TASK TO CARRY OUT - Please output the listing exactly as it stands, but omit any images.

INPUT DATA -
§ §
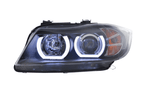 BMW 3 Series E90 /E91 Black LED U BAR Headlights (2005 - 2012)
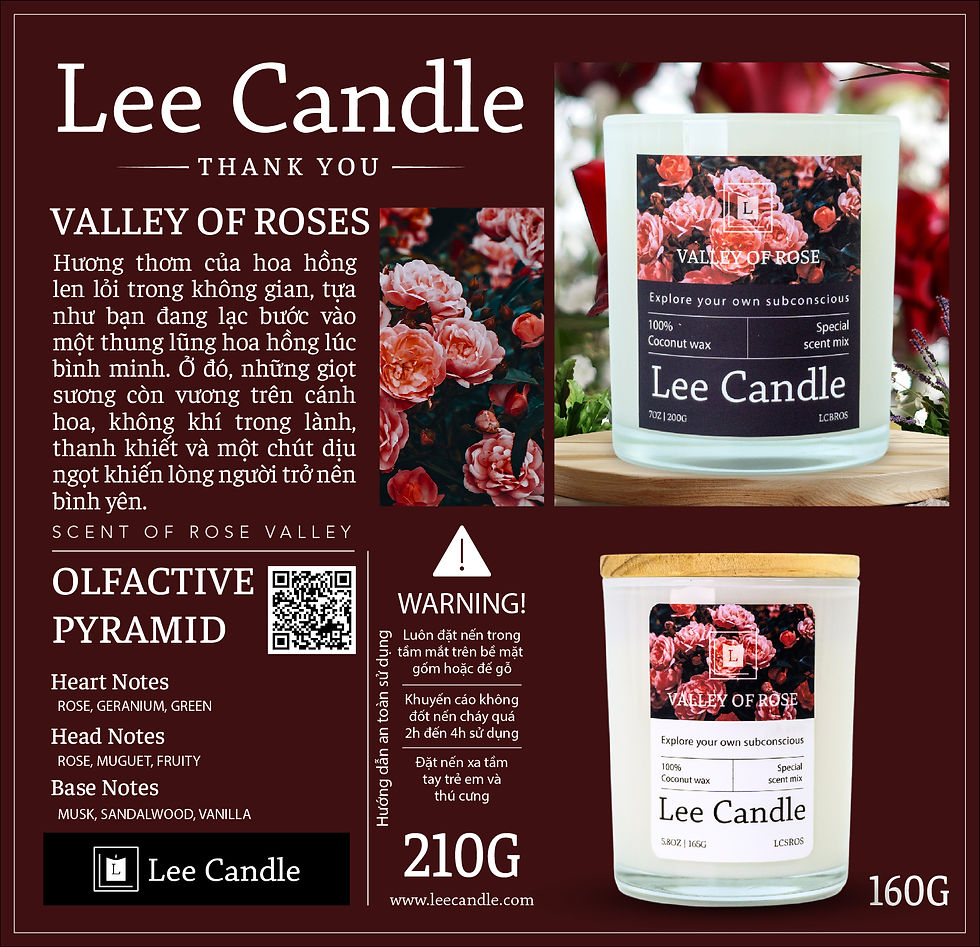 Thumbnail: Lee Candle – Valley Of Roses Scented Candle
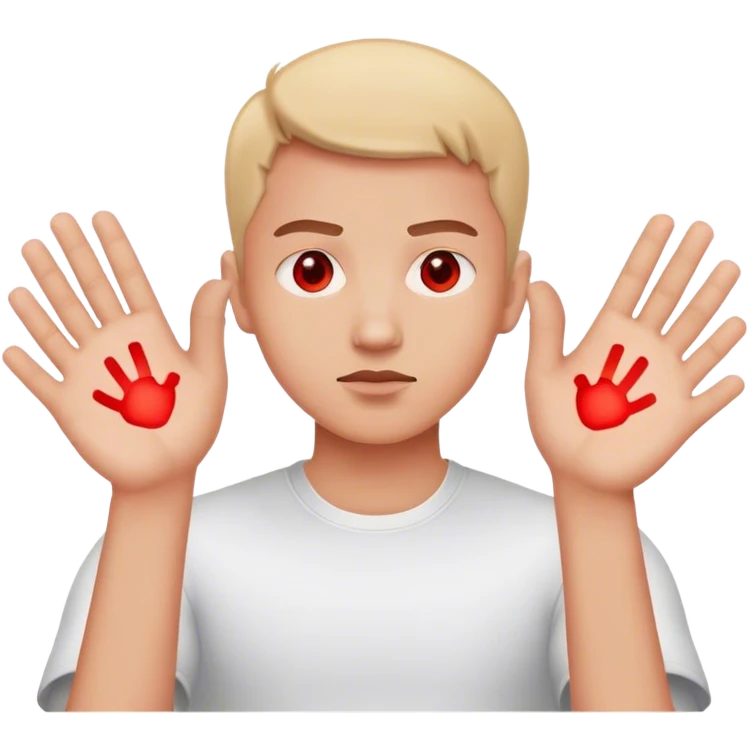 alert icon with hads emoji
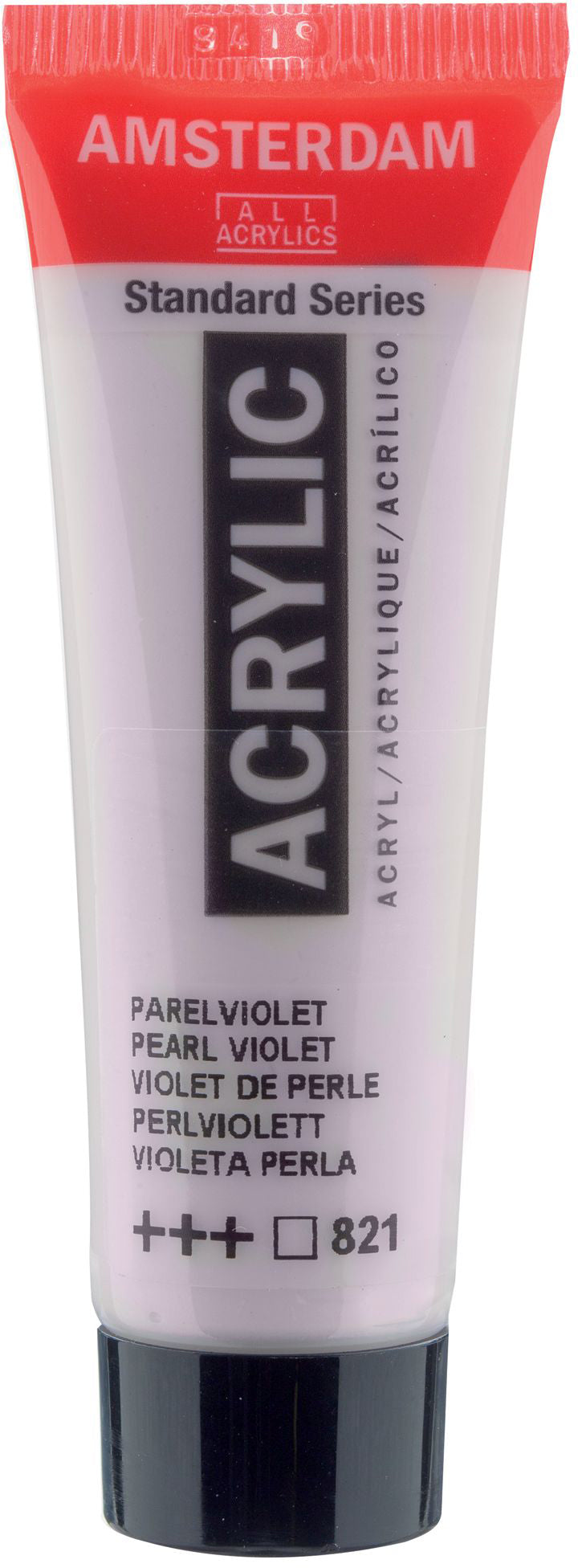 Royal Talens AMSTERDAM Standard Serie Acrylfarbe – Perlviolett 821, seidenmatt – 20 ml – für Leinwand, Papier, Holz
§ §
ANSWER SPACE -
 BMW 3 Series E90 /E91 Black LED U BAR Headlights (2005 - 2012)
 Thumbnail: Lee Candle – Valley Of Roses Scented Candle
 alert icon with hads emoji
 Royal Talens AMSTERDAM Standard Serie Acrylfarbe – Perlviolett 821, seidenmatt – 20 ml – für Leinwand, Papier, Holz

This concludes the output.